Lara Croft - Tomb Raider Series


----------



## s18000rpm (Nov 14, 2006)

*Tommy* Vercetti & *Tommy*  Angelo  from GTA Vice City & Mafia respectively.


----------



## quicky001 (Nov 14, 2006)

Here nobody seems to care much for JC.Denton-one of the best characters I've ever seen in a game.JC denton was one of the few characters,who felt like a real person,belonging to a real domain.
             The way he talked and the emotions and facial expressions which he manifested throughout the game made him seem amazingly lifelike and heroic.Unlike other pretentious characters,who seem more like AI-controlled bots,mindlessly babbling asinine dialogues and trying to look uber-cool,he appeared like a real galant personality,fighting for truth and justice.
          I've never felt so emotinally attached to any character in a game as to JC Denton.Its too bad that the sequel to the magnificient Deus Ex turned out to be horrendous and utterly unplayable.I earnestly hope that someday,some other company will revive the legendary Deus Ex franchise and come up with a sequel as wonderful and as glorious as the first game.


----------



## jz2linkinpark (Nov 14, 2006)

cloud strife, carl johnson....


----------



## pra_2006 (Nov 14, 2006)

ofcourse POP and Neo of matrix then max payne


----------



## Hells_Fury (Nov 14, 2006)

Lucas Kane from Indigo Prophecy was an amazing character. You really felt for him throught his misery in the game. Actually, all the lead characters in the game were brilliant.


----------



## sarandigit (Nov 14, 2006)

Carl Johnson in GTA San Andreas.


----------



## techtronic (Nov 15, 2006)

*SAM FISHER

LARA CROFT
*


----------



## DukeNukem (Nov 15, 2006)

lara croft and max payne.


----------



## codename_romeo (Nov 15, 2006)

Prince prince prince


----------



## Hells_Fury (Nov 15, 2006)

Forgot to mention Illidan Stormrage from Warcraft 3. Hes probably the coolest hero in the game.


----------



## hellrider (Nov 15, 2006)

As for as i am concerned Garret form Thief series, Sam Fisher from Splinter cell, Prince from POP trilogy, Raziel from Legacy of kain series, n' Agent 47 in Hitman r gr8est heroes of all!!


----------



## hard_rock (Nov 15, 2006)

Again posted because I played Splinter cell and I think Sam fischer is a real hero (And that's me..sorry US who play the game)..
 Also Prince Of Persia...The warrior...
 And AGENT 47, Silent, Cruel and deadly.


----------



## Holy_fat_man (Nov 20, 2006)

Auron From Final Fantasy x(check out my Avatar).


----------



## utkarsh-techy (Dec 1, 2006)

well for me its snake from metal gear series and hworang and jin kazama from tekken 6(watch the trailer)


----------



## QwertyManiac (Dec 1, 2006)

Snake 

Lara Croft

My sims


----------



## zerohourkill (Dec 1, 2006)

Gman in half life


----------



## Tech Geek (Dec 1, 2006)

Ilike CT of CS
No character in NFS


----------



## sam9s (Dec 1, 2006)

fnatic@play said:
			
		

> " SAM I AM"!!!!
> 
> Serious sam!!! how did i forget him!!!!

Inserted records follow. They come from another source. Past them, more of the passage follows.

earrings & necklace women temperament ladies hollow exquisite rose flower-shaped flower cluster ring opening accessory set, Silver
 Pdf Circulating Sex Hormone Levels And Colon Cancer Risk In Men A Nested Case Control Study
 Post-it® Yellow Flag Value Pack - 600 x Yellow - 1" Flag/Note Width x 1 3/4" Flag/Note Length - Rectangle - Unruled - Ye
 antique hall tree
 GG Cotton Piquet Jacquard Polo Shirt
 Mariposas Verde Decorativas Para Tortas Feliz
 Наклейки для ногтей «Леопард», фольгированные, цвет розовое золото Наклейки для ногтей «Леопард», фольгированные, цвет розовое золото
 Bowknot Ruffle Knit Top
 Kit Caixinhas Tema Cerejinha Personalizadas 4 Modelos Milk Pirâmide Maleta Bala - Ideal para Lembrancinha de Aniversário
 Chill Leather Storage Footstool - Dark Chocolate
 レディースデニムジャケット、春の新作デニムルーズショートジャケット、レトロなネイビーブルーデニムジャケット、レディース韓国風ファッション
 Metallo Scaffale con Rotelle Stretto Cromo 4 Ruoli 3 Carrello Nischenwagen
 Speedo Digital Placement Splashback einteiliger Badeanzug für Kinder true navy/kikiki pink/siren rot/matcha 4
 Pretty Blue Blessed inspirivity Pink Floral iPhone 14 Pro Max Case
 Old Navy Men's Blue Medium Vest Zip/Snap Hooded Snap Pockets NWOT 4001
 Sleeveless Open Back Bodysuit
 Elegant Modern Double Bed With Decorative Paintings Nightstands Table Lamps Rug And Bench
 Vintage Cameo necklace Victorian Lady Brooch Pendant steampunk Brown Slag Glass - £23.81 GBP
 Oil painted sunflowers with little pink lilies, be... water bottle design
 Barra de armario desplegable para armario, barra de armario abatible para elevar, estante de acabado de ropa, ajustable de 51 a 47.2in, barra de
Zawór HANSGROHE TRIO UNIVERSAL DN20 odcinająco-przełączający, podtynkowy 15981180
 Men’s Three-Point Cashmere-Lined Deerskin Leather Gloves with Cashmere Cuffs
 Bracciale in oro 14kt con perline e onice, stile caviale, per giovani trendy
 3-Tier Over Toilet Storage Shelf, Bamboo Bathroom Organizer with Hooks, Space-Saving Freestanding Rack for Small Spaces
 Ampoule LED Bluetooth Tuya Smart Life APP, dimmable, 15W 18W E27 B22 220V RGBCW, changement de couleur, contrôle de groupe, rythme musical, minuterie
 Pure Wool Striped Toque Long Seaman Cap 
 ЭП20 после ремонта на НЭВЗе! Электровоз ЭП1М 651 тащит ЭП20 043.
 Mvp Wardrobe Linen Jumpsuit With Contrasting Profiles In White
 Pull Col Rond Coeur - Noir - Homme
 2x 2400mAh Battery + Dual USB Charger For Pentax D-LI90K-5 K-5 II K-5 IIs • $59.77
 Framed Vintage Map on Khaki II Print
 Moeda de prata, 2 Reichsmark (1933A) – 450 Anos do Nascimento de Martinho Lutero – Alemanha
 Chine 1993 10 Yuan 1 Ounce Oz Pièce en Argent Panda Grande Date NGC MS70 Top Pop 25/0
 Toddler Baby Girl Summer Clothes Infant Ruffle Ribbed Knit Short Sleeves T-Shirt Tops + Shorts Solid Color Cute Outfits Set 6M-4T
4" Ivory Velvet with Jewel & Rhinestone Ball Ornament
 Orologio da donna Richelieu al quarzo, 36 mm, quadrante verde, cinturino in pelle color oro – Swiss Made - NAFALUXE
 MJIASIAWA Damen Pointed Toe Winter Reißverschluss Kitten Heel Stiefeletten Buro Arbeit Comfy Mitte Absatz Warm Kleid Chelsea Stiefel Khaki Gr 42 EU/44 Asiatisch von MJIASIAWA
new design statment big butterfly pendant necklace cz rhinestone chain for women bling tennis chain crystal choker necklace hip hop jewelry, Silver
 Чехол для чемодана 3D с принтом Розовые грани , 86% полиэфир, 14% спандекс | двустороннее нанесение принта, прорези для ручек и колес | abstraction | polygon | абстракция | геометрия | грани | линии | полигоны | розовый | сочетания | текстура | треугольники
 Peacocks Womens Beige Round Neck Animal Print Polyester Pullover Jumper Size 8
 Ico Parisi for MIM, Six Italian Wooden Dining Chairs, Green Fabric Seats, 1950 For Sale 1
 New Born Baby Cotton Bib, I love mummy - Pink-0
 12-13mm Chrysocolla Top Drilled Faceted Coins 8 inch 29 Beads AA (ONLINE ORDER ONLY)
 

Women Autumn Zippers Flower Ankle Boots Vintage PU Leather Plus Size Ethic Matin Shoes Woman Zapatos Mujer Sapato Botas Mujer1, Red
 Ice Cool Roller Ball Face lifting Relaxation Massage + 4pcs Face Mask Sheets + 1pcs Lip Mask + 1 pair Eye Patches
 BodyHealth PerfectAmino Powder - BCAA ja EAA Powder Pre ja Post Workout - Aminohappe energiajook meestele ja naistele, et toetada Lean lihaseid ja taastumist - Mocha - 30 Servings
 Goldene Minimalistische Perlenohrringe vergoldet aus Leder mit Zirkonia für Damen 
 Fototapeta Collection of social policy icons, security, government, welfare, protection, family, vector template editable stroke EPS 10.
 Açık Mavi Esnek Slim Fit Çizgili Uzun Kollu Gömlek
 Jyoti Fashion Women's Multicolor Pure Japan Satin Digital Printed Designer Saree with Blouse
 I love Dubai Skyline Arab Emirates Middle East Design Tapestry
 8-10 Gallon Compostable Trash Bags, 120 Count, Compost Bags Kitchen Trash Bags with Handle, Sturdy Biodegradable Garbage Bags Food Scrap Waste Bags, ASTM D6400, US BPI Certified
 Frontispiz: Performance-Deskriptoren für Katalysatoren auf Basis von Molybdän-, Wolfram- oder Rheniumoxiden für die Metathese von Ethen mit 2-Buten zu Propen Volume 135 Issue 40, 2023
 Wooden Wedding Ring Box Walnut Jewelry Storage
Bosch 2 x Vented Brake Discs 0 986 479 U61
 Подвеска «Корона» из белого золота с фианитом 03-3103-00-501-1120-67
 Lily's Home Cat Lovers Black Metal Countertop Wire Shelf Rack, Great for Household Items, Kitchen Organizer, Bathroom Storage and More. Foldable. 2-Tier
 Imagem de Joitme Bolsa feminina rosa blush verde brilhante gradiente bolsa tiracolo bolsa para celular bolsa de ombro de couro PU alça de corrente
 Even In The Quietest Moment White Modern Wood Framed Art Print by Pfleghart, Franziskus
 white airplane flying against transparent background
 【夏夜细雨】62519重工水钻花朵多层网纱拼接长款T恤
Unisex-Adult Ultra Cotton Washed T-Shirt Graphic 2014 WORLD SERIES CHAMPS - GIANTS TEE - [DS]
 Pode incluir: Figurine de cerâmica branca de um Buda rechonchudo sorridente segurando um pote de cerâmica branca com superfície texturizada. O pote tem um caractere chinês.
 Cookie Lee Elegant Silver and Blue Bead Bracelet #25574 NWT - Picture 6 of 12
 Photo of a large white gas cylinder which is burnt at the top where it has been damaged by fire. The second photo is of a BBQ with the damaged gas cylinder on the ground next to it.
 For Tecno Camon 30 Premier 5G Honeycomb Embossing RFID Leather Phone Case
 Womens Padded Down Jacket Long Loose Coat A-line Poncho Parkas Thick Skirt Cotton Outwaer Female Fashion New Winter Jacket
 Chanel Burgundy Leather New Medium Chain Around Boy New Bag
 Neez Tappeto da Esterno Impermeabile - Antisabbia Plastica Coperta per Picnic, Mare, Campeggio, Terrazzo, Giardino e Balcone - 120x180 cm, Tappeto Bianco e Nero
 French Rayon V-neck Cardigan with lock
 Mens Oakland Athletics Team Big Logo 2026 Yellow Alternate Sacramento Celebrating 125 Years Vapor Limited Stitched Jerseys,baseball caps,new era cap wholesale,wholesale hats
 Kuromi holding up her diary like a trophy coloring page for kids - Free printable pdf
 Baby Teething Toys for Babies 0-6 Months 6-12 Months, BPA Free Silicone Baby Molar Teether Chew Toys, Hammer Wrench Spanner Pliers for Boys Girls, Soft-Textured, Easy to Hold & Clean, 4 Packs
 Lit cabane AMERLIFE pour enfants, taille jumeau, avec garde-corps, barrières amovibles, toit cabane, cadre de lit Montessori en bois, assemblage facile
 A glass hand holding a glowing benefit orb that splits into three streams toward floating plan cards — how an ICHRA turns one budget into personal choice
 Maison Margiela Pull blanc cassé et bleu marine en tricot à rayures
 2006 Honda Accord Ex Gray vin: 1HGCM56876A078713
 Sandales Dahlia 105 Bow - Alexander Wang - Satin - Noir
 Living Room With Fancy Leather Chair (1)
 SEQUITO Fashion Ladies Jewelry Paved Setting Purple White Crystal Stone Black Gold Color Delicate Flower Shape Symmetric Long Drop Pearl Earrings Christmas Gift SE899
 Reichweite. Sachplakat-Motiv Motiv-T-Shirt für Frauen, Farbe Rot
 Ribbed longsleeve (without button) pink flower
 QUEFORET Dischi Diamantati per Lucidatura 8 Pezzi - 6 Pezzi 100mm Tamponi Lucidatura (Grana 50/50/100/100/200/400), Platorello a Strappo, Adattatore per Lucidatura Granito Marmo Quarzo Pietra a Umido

Amen to that Serious Sam was a character.
And then Max Payne.


----------



## assasin (Dec 2, 2006)

Sam Fisher from Tom Clancy's Splinter Cell
Prince from Prince Of Persia


----------



## izzikio_rage (Dec 2, 2006)

Dante.....devil may cry...
dark Prince......pop series


----------



## SUKHI99 (Dec 3, 2006)

hi,
 can here anyone tell me cheats or trainers for prince of persia warrior within??


----------



## mayur_digitized (Jan 11, 2007)

for me its VIN diesel in chronicles of riddick


----------



## Arsenal_Gunners (Jan 11, 2007)

dark Arthas in warcraft 3.Tommy vercetti in gta vice city


----------



## s18000rpm (Jan 11, 2007)

^^ i too prefer *Tommy Vercetti* as the Greatest, Coolest Dude.


----------



## eagle_y2j (Jan 11, 2007)

Agent 47

tommy (mafia)


----------



## Pathik (Jan 11, 2007)

47/sam fisher/max payne


----------



## dead_eye (Oct 4, 2008)

i just cant tell one so here i go

1.prince of persia (the greatest)
2.gordon freeman from hl2
3.solid snake from metal gear
3.lucas from indigo prophecy
4.Agent 47 - the true silent assasin
5.duke nukem
6.tony hawk
7.Mia in NFS MW


----------



## furious_gamer (Oct 4, 2008)

Max Payne / Tommy Vercetti  No CJ !


----------



## Cool Joe (Oct 4, 2008)

^^
*Carl Johnson>> GTA: SA* 

Jack Carver>> FarCry


----------



## threeonethree (Oct 4, 2008)

you are forgetting the "God of war" ..


----------



## Sathish (Oct 4, 2008)

i


----------



## DigitalDude (Oct 4, 2008)

Dr.Gordon Freeman Ph.D 


_


----------



## Faun (Oct 5, 2008)

Pyramid Head ftw 
*atimetoloveandatimetodie.files.wordpress.com/2006/05/pyramid_head.jpg


----------



## skippednote (Oct 5, 2008)

Jack craver= FAR CRY
Tommy= MAFIA


----------



## pc_game_lover2004 (Oct 5, 2008)

I think the mafia player in mafia game was best according to me....


----------



## Psychosocial (Oct 5, 2008)

Thomas Angelo (Mafia.....A.K.A Tommy )
Agent 47 (Hitman series)


----------



## pc_game_lover2004 (Oct 5, 2008)

Assassins Creed Guy


----------



## Psychosocial (Oct 5, 2008)

^Altair


----------



## esumitkumar (Oct 5, 2008)

Manuel "Manny" Calavera..in GRIM FANDANGO...FTW !!!!!!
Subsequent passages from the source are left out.